The November Man waits until just before the very end to explain how Peter Devereaux, an ex-CIA operative on the warpath (played by Pierce Brosnan), earned his chilly nickname. The explanation doesn’t matter—it’s not a very smart epithet anyway, drawing the obvious and correct conclusion that Devereaux is one cold mother.
Regardless, outmanned and outgunned, we, along with Devereaux, have to suffer the most perfunctory sort of bad guy monologue before we inevitably escape with our lives. If only just.
If The November Man is a spy thriller, it’s not my kind of one.
Set almost entirely in Belgrade, Serbia, the movie converges on a corrupt former general Arkady Federov (Lazar Ristovski) and his potential ascension to the Russian presidency.

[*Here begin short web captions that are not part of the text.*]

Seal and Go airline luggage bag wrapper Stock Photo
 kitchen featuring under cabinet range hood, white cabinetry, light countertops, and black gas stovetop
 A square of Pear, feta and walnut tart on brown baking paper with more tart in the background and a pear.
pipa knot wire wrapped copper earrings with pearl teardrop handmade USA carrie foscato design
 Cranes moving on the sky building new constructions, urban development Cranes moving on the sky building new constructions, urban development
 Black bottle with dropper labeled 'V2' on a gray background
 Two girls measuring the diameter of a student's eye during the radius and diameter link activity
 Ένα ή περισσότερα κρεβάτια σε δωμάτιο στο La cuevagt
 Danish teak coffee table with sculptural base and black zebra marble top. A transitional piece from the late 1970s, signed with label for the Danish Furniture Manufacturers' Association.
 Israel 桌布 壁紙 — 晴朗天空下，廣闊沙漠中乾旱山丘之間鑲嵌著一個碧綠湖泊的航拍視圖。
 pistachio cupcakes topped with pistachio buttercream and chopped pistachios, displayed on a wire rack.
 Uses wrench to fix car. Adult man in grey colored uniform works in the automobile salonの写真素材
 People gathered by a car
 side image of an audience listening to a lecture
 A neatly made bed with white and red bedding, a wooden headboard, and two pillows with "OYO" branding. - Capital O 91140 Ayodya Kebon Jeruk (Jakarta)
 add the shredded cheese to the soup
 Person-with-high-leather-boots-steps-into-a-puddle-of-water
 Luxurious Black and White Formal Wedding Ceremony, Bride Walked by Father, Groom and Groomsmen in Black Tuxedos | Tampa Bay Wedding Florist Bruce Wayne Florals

Seeking to clear any evidence of the atrocities he committed during the Second Chechen War, Federov targets an old flame of Devereaux’s whom the CIA also has a vested interest in. Devereaux himself comes out of retirement only in time to witness her catch a bullet through the windshield of their getaway vehicle.
Luke Bracey plays Mason, a killing hand employed by the CIA who also happens to be Devereaux’s former protege. At one point in the film Mason is praised for his reliance as a “weapon,” but I contend his ‘80s action movie haircut remains by far the most reliable thing about him.
Mixed up in the proceedings is Olga Kurylenko as Alice, who aptly captures the panic of not being able to process things as quickly as those around you, which is a pervasive feeling instilled by The November Man. The plot is nonsensical stuff, its mechanics blunt and stunted as if someone copy-pasted dictionary definitions of stale beer tropes like “gritty,” “edgy” and “morally ambiguous” directly into the screenplay and called it good.
Good, this ain’t.
The movie outstays its welcome early on—while the body count is still in single digits—and if by the end you aren’t begging for it to stop you’re certainly not wondering what it all means.
“They knew the risks,” Devereaux grumbles when confronted about his recently-deceased colleagues. “We all did.”
Reflective of Devereaux’s too-cool-for-spy-school posturing, The November Man doesn’t care what I think of it. In fact, it would probably prefer I didn’t have any thoughts at all.
If only it would leave me alone about it.